L’entrée en vigueur du Pacte européen sur la migration et l’asile, le 12 juin 2026, marque une nouvelle étape dans cette dynamique. Présenté comme un instrument destiné à harmoniser les politiques migratoires des États membres, il confère à Frontex un rôle renforcé dans la mise en œuvre des procédures de retour. Les nouvelles règles permettent notamment d’accélérer les expulsions des personnes n’ayant pas demandé l’asile lors de leur arrivée aux frontières extérieures de l’Union, mais aussi de celles dont la demande d’asile est rejetée dans le cadre d’une procédure accélérée, sans attendre que la décision de rejet soit devenue définitive.
Cette réforme s’accompagne du remplacement de la directive « Retour » de 2008 par un nouveau règlement instaurant un système commun européen en matière de retour, adopté par le Parlement européen le 17 juin 2026. Celui-ci prévoit que toute personne faisant l’objet d’une décision de retour doit quitter le territoire de l’espace Schengen immédiatement ou dans le délai qui lui est fixé, sous peine de sanctions.
Pour faciliter l’éloignement même quand l’expulsion vers le pays d’origine n’est pas possible, les personnes concernées pourront être transférées dans des centres de retour (« hubs ») situés dans des pays tiers, tels que l’Albanie, la Tunisie ou encore la Géorgie. Ces États n’entretiennent pourtant aucun lien avec le pays d’origine des personnes concernées, qu’il s’agisse de demandeurs d’asile déboutés ou de personnes n’ayant pas introduit de demande de protection internationale à leur arrivée.

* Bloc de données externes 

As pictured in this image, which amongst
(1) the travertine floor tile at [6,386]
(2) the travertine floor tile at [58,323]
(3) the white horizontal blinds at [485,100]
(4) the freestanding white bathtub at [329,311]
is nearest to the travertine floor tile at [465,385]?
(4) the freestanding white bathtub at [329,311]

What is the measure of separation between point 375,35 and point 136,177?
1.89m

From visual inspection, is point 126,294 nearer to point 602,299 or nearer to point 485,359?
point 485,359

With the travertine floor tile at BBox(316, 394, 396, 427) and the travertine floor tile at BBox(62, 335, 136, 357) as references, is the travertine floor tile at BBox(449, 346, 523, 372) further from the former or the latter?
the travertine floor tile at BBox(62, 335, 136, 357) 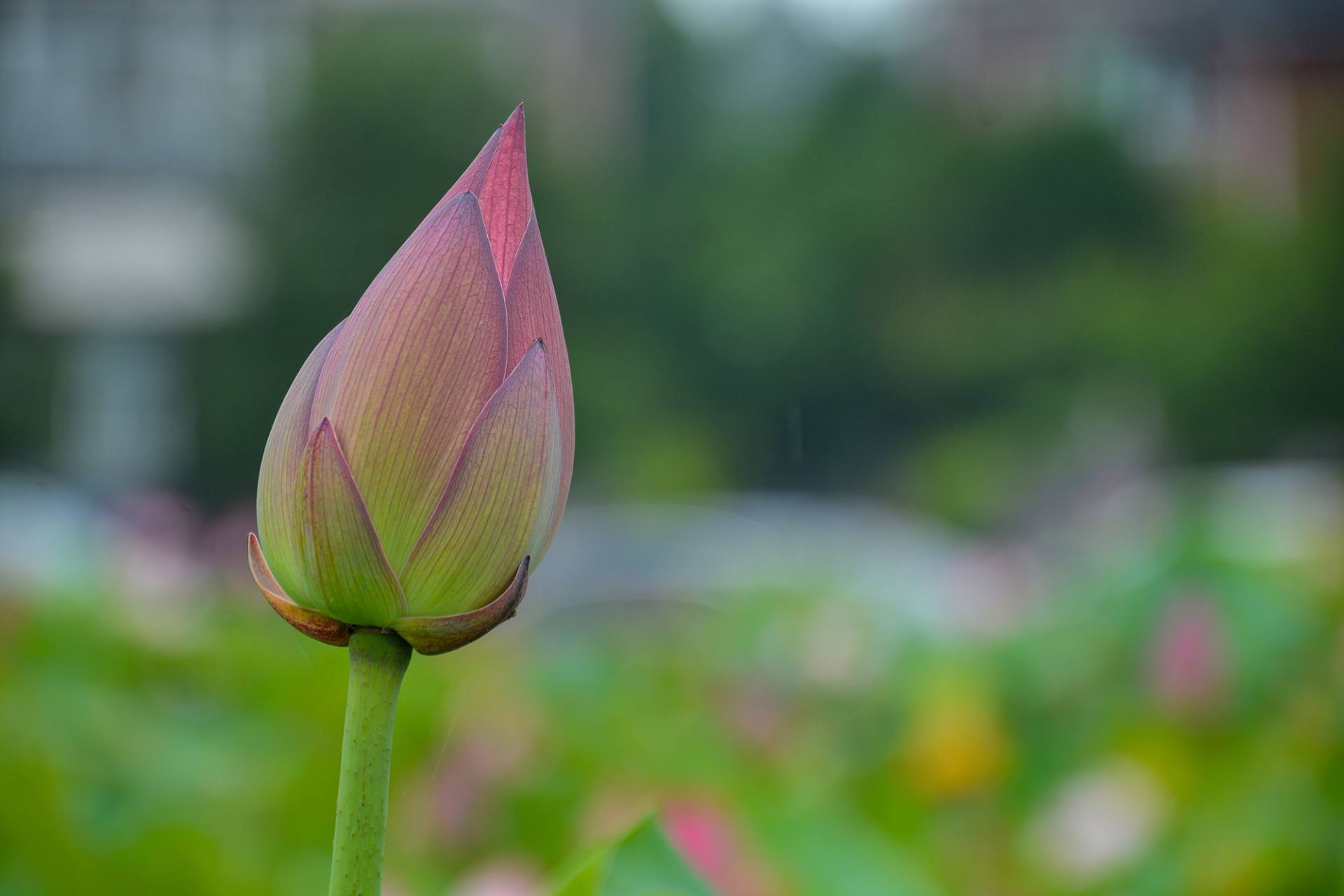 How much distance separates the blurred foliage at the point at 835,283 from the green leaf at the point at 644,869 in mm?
12620

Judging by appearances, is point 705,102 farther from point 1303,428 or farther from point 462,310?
point 462,310

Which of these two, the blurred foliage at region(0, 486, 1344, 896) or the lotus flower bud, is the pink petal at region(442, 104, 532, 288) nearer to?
the lotus flower bud

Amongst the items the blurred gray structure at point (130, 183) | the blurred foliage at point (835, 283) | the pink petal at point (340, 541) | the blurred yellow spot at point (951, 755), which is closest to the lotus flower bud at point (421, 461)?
the pink petal at point (340, 541)

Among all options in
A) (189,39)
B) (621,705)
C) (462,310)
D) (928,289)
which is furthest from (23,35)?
(462,310)

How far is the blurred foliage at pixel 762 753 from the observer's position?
910mm

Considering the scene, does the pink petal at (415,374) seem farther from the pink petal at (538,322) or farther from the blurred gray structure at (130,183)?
the blurred gray structure at (130,183)

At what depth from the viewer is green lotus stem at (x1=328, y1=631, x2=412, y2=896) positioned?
325 mm

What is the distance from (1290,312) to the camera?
16.4m

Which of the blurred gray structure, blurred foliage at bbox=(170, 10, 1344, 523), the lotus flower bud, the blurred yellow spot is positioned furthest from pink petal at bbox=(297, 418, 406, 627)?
blurred foliage at bbox=(170, 10, 1344, 523)

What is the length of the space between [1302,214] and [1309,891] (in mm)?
17553

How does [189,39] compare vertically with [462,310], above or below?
above

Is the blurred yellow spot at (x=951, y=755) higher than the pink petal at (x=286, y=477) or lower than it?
lower

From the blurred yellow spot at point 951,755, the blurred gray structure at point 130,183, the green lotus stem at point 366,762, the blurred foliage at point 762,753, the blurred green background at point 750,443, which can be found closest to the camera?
the green lotus stem at point 366,762

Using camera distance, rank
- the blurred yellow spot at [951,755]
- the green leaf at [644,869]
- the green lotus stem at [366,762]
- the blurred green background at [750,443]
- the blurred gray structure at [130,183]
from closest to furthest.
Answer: the green lotus stem at [366,762], the green leaf at [644,869], the blurred green background at [750,443], the blurred yellow spot at [951,755], the blurred gray structure at [130,183] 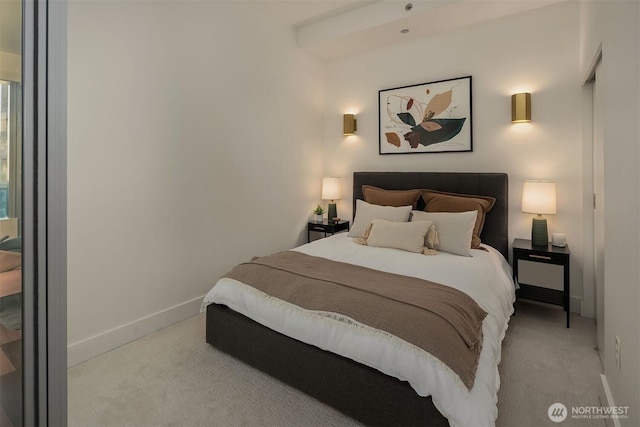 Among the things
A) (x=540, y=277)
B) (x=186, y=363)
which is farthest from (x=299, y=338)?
(x=540, y=277)

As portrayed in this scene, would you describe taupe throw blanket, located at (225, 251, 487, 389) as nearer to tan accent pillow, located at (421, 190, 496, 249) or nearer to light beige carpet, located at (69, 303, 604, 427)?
light beige carpet, located at (69, 303, 604, 427)

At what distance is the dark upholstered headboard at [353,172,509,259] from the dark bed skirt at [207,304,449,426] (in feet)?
7.25

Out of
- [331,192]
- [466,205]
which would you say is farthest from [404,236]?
[331,192]

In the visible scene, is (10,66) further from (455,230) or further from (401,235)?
(455,230)

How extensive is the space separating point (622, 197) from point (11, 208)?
2.11m

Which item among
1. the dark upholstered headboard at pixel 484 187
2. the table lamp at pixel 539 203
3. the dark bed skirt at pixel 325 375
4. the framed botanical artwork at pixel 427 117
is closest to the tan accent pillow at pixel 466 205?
the dark upholstered headboard at pixel 484 187

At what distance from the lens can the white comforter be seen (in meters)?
1.37

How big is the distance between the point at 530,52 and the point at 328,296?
308cm

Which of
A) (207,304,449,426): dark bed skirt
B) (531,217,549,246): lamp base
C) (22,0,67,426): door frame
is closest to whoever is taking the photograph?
(22,0,67,426): door frame

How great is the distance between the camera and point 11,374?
0.78 meters

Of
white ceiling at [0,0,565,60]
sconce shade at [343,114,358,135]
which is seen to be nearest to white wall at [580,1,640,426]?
white ceiling at [0,0,565,60]

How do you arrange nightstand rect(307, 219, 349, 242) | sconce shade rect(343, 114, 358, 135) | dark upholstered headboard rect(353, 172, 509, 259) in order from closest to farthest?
dark upholstered headboard rect(353, 172, 509, 259)
nightstand rect(307, 219, 349, 242)
sconce shade rect(343, 114, 358, 135)

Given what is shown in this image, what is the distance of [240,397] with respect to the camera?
74.1 inches

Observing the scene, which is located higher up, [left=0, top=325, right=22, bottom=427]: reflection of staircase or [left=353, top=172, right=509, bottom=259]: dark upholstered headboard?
[left=353, top=172, right=509, bottom=259]: dark upholstered headboard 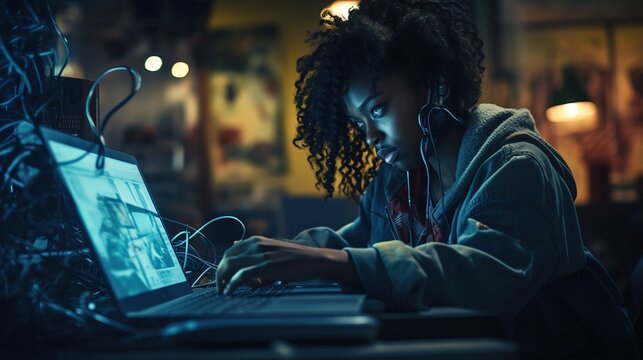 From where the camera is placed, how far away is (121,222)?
3.25 feet

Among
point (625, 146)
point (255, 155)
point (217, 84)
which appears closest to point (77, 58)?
point (217, 84)

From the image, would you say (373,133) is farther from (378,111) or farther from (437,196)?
(437,196)

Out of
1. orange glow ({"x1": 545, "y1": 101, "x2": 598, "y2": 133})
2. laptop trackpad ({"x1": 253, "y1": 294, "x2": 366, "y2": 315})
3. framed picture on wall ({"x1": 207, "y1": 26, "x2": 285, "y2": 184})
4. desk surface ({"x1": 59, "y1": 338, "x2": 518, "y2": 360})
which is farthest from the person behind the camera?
framed picture on wall ({"x1": 207, "y1": 26, "x2": 285, "y2": 184})

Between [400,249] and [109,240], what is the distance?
1.05ft

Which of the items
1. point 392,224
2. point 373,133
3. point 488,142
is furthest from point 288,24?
point 488,142

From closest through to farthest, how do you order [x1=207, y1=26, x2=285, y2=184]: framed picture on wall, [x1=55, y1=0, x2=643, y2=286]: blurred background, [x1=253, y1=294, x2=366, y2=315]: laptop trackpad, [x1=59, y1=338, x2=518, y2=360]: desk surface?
[x1=59, y1=338, x2=518, y2=360]: desk surface
[x1=253, y1=294, x2=366, y2=315]: laptop trackpad
[x1=55, y1=0, x2=643, y2=286]: blurred background
[x1=207, y1=26, x2=285, y2=184]: framed picture on wall

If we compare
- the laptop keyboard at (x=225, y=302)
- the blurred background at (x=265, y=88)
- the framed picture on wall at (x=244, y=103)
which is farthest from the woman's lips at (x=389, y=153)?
the framed picture on wall at (x=244, y=103)

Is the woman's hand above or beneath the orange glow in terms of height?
above

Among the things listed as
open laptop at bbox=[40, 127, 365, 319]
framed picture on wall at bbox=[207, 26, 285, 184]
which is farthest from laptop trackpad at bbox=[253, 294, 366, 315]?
framed picture on wall at bbox=[207, 26, 285, 184]

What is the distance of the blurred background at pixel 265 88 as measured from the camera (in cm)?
516

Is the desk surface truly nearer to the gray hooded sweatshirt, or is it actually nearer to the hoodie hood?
the gray hooded sweatshirt

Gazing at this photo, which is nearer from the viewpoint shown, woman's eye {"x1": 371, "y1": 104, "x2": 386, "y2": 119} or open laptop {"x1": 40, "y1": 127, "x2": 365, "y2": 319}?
open laptop {"x1": 40, "y1": 127, "x2": 365, "y2": 319}

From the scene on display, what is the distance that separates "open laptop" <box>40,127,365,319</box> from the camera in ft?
2.64

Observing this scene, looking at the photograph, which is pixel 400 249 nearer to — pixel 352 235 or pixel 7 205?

Aujourd’hui, dans le but exprimé de surveiller et protéger les frontières maritimes, terrestres et aériennes, Frontex lance d’importantes opérations de retours ou vols collectifs pour permettre l’éloignement. Ces opérations, réglementées, s’inscrivent dans le mandat de Frontex et dans un climat constant d’impunité vis-à -vis des violations de droits humains par les personnels de Frontex.
Ce rôle renforcé de Frontex soulève une question fondamentale : dans le contexte des expulsions, quelle place l’Union européenne accorde-t-elle encore aux droits fondamentaux lorsqu’il s’agit des personnes migrantes ? L’Union se présente volontiers comme un espace fondé sur l’État de droit, la dignité humaine et la protection des libertés. Pourtant, ces principes semblent parfois disparaître au profit d’une simple logique de dissuasion et d’externalisation des frontières.
I. L’étranger piégé dans une politique migratoire au détriment des droits fondamentaux ? Entre la volonté de garantir les droits et libertés fondamentaux et la sécurité nationale des Etats Membres
Avant d’analyser le développement et le rôle grandissant joué par l’agence FRONTEX, il convient de mentionner également certaines dispositions juridiques européennes rendant possible l’inadéquation entre protection des droits fondamentaux et souveraineté nationale des Etats membres.
1.1 Les principes de la Cour européenne des droits de l’homme et la souveraineté des Etats membres dans la politique migratoire
Alors que la Convention européenne des droits de l’homme (CEDH) a pour vocation de garantir les droits et libertés fondamentaux de toute personne relevant de la juridiction d’un État membre du Conseil de l’Europe, indépendamment de sa nationalité, elle ne prévoit pas de droit d’asile en tant que tel. De même, la Cour européenne des droits de l’homme n’est pas une juridiction chargée d’examiner les demandes d’asile. En revanche, elle veille au respect des droits fondamentaux des personnes migrantes lorsque les mesures prises par les États sont susceptibles de porter atteinte aux garanties prévues par la Convention.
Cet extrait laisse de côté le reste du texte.